After all, this is a big-time burden, apartment ownership, a vast responsibility. More to the point, the members of Team Filipina have assured me that I am being done by the garden crew. They do nothing, it is alleged, and charge me a pretty penny. Thus my conversation with Ichi. And from the thatch, we move on to the fertilizing. Yes, it wouldn’t hurt, he says, a bit of nitrogen here and there, now and then. Such as in the autumn, which is the traditional time for such things. Of course, I say.

As for Ichi, he would really like to trim the oleanders next to my van. Which requires that I move it. Please. Of course, I tell him, maybe Friday. The scope of this ‘maybe’ is broader than anyone can know. For the chances of my remembering to do this at approximately the same time Ichi and assistant arrive with their leaf blowers and hedge trimmers, well, this is vanishingly small. As is my window of opportunity. They do not tarry, the Ichi team. Blow and go, as the suburban locals put it.

Still, this balances the discussion. Gets me out of my paranoid zone, the one in which I hold forth on thatch and similar topics. The truth is, too much is unknown at this point. As Jane said just the other night, in any new situation the first task generally is to listen. And this burning issue of whether or not I am being overcharged by underworked gardeners, this can wait. It is, in any case, not burning, this issue. Soon there may be no issue. Give things time. Learn more. Grow. Much like the grass, or the thatch. Decide later.

Changes to my quadriplegic lifestyle are coming fast and furious. Take the bathroom, where among the new amenities is one of those fold-down rails, the ones shaped like an elongated oval. Thing is, I haven’t folded it down. At least, not very much.
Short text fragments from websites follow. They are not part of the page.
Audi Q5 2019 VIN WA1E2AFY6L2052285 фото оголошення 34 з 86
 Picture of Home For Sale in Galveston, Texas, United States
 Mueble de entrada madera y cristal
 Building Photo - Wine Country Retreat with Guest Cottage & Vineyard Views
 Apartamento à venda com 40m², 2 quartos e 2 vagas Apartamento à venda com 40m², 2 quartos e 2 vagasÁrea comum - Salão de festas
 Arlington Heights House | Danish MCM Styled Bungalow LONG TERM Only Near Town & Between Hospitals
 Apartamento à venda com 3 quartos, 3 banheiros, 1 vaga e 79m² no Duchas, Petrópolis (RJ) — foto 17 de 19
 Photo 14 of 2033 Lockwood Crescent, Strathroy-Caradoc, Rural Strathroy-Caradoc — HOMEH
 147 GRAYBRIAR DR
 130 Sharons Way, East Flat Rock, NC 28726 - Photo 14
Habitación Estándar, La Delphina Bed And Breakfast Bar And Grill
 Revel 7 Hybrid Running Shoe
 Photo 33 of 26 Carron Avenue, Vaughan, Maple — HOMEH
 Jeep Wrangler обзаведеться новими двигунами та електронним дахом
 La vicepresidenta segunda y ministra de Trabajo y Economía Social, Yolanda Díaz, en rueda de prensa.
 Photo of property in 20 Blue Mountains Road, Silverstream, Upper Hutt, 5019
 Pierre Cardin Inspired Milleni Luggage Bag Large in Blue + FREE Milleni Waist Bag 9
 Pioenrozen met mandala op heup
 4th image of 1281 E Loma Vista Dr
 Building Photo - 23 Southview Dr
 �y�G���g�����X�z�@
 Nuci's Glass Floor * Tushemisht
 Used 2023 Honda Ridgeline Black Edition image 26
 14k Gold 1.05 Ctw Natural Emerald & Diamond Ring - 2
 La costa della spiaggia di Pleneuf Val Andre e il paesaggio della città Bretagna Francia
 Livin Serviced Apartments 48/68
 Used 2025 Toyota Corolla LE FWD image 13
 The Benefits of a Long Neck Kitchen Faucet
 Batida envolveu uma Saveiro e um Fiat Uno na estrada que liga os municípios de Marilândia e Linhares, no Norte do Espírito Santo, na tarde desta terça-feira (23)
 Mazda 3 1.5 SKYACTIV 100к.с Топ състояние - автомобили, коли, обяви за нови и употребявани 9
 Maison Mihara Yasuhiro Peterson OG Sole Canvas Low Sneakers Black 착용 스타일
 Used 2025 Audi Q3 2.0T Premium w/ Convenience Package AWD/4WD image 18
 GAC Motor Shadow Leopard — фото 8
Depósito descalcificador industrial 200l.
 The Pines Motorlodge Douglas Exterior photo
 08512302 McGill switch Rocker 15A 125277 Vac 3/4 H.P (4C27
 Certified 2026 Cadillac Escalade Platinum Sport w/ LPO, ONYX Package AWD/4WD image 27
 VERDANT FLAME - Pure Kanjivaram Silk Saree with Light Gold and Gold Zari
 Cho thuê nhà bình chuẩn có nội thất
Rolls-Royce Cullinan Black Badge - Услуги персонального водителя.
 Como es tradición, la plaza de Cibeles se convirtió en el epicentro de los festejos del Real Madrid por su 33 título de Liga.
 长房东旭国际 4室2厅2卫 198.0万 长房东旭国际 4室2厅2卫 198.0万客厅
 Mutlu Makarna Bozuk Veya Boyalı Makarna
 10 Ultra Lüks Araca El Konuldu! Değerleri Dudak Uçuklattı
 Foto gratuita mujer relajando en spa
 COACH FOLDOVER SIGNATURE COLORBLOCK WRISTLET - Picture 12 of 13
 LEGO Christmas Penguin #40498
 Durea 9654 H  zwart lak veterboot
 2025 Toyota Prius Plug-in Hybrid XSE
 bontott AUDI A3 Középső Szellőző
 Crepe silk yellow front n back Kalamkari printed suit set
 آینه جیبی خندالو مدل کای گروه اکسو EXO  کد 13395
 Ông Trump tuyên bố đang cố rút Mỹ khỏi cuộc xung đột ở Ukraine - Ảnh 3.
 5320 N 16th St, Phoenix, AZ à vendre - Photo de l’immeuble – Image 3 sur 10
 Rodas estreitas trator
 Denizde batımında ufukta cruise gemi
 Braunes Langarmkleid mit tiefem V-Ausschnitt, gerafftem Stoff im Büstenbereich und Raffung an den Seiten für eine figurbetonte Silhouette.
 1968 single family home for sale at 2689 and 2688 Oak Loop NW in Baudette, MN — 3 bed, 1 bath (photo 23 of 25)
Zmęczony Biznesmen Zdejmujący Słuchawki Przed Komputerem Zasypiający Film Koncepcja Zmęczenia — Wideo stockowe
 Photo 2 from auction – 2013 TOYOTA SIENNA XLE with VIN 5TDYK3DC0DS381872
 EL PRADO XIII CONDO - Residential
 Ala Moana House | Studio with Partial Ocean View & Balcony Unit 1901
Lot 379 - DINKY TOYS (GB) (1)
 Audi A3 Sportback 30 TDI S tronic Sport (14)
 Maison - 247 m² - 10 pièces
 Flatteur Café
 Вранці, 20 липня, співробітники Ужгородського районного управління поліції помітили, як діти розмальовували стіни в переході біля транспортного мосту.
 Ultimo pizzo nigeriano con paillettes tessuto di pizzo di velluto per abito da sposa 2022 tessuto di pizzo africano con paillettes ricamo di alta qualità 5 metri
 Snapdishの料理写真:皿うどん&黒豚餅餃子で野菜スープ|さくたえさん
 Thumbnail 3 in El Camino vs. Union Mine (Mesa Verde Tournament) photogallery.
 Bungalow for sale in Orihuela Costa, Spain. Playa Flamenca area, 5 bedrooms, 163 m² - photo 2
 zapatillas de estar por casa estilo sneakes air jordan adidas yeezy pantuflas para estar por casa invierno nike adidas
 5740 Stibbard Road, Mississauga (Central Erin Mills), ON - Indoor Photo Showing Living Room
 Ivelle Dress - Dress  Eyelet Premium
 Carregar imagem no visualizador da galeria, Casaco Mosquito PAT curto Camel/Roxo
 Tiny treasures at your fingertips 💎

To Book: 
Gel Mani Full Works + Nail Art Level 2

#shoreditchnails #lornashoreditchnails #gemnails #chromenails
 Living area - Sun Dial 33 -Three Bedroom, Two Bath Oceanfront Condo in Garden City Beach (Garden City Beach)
It seemed less in the way, folded against the wall. I still used it, just in this vertical position…the bar retracted, not getting in my way as I stand to use the toilet. Which for a person with a paralyzed leg necessitates holding onto something, and having one paralyzed hand, the process of aiming and steadying oneself at the same time…well, it’s impossible. So I have been trying this for a while, this awkward trade-off between urinary trajectory and postural safety. And it is the aiming part that always loses out. Necessitating cursing, self-recrimination and liberal use of tissues around the toilet base.

Until I finally decided to fold down the safety rail, and give the thing a chance. The supposed problem, that the projecting metal would get in the way of my wheelchair, did not materialize. What transpired, in fact, bordered on urinary nirvana. All systems go. Splashdown. Accuracy. Why did it take me so long to settle on the obvious?

As with the thatch, the answer amounts to this: think small. In particular, think of the smallness of human vanity. The sneaking suspicion arises that the disabled handrail, so familiar from institutional lavatories, looked a bit too…special-needs, let us say. Reeking of handicapped. As though when I walk for exercise with a member of Team Filipina and note the shadow cast by the morning sun, the silhouette is not drastically out of kilter. It is, revealing the outline of a badly bent, disabled person. And reminding me of that other thing, that if you’re going to think small, start with yourself. Work outward. You may get slightly bigger along the way.